Beaver County Building and Loan Ass'n, supra 323 Pa. at 492-93, 187 A. at 485 (citations omitted)(emphasis in original).   A later law cannot abridge rights under a prior contract.  [Only the] substantive laws in effect when the parties enter into a contract are implicitly incorporated into it.   DePaul v. Kauffman, 441 Pa. 386, 398, 272 A.2d 500, 506 (1971).

Parsonese argues that Meyers acquired contractual rights from Midland on June 12, 1988, when he purchased a life insurance policy;  he exercised those rights on August 27, 1992 when he designated Parsonese as his primary beneficiary;  Midland accepted Meyers' beneficiary designation on September 10, 1992 whereby Parsonese received a contract expectancy which would result in vested rights against Midland when Meyers died;  on December 16, 1992, the Pennsylvania legislature passed a law which would abridge, impair and nullify the aforesaid rights;  and such absolute abrogation of substantive contract rights is constitutionally impermissible.   Referring to Commonwealth v. Edmunds, 526 Pa. 374, 586 A.2d 887, 895 (1991), Parsonese cites cases from other jurisdictions which have refused to apply similar legislation under similar circumstances:  First National Bank & Trust Co. of McAlester v. Coppin, 827 P.2d 180 (Okl.1992);  Aetna Life Ins. Co. v. Schilling, 67 Ohio St.3d 164, 616 N.E.2d 893 (1993).   Finally, Parsonese argues that the trial court refused to apply the statute retroactively and thus avoided the constitutional issue, as it was bound to do.  In re Fiori, 543 Pa. 592, 673 A.2d 905, 909 (1996);  Krenzelak v. Krenzelak, 503 Pa. 373, 469 A.2d 987, 990-91 (1983);  Mt. Lebanon v. County Board of Elections, 470 Pa. 317, 368 A.2d 648, 650 (1977).

Appellants argue that the contracts clauses of the state and federal constitutions are not so absolute or unyielding as Parsonese represents.   They argue that the contract clause does not prohibit a state from exercising its police power, even if contractual relationships are altered.   They cite many United States Supreme Court cases;  for example, they rely on Allied Structural Steel Co. v. Spannaus, 438 U.S. 234, 241, 98 S.Ct. 2716, 2721, 57 L.Ed.2d 727, 734 (1978):

․ [T]he Contract Clause does not operate to obliterate the police power of the States.  “It is the settled law of this court that the interdiction of statutes impairing the obligation of contracts does not prevent the State from exercising such powers as are vested in it for the promotion of the common weal, or are necessary for the general good of the public, though contracts previously entered into between individuals may thereby be affected.   This power, which in its various ramifications is known as the police power, is an exercise of the sovereign right of the Government to protect the lives, health, morals, comfort and general welfare of the people, and is paramount to any rights under contracts between individuals.”

They add that if the contract clause were interpreted literally, an individual could evade any state regulation simply by entering into private contracts.   They quote Mr.
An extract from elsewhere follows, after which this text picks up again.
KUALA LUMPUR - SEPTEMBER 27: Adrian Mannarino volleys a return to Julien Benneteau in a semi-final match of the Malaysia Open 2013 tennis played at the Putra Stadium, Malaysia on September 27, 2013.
Justice Holmes in Hudson Water Co. v. McCarter, 209 U.S. 349, 357, 28 S.Ct. 529, 531, 52 L.Ed. 828, 832 (1908):  “One whose rights, such as they are, are subject to state restriction, cannot remove them from the power of the State by making a contract.   The contract will carry with it the infirmity of the subject matter.”

Appellants argue that the United States Supreme Court has increasingly recognized and given great deference to the right of states to use their police power, even at the expense of impairing individual contracts.   They cite, e.g., Home Building & Loan Ass'n v. Blaisdell, 290 U.S. 398, 442, 54 S.Ct. 231, 241, 78 L.Ed. 413, 431 (1934), and United States Trust Co. v. New Jersey, 431 U.S. 1, 22, 97 S.Ct. 1505, 1517, 52 L.Ed.2d 92, 109 (1977).   They also cite state cases which held statutes valid and constitutional despite the fact that they retroactively impaired contracts.  Zeuger Milk Co. v. Pittsburgh School Dist., 334 Pa. 277, 5 A.2d 885 (1939);  Leiper v. Baltimore & Philadelphia RR. Co., 262 Pa. 328, 105 A. 551 (1918).   These two cases involved heavily regulated industries, and the rationale of the decisions included the principle that “contracts made with reference to any matter that is subject to regulation under the police power must be understood as made in reference to the possible exercise of that power,” 5 A.2d at 886, and that when “parties enter into a contract with a public service corporation relating to rates, they are presumed to do so with the knowledge that the right of the State to exercise this police power in the future is expressly reserved․”   262 Pa. at 332, 105 A. 551.   See also Energy Reserves Group, Inc. v. Kansas Power & Light Co., 459 U.S. 400, 103 S.Ct. 697, 74 L.Ed.2d 569 (1983).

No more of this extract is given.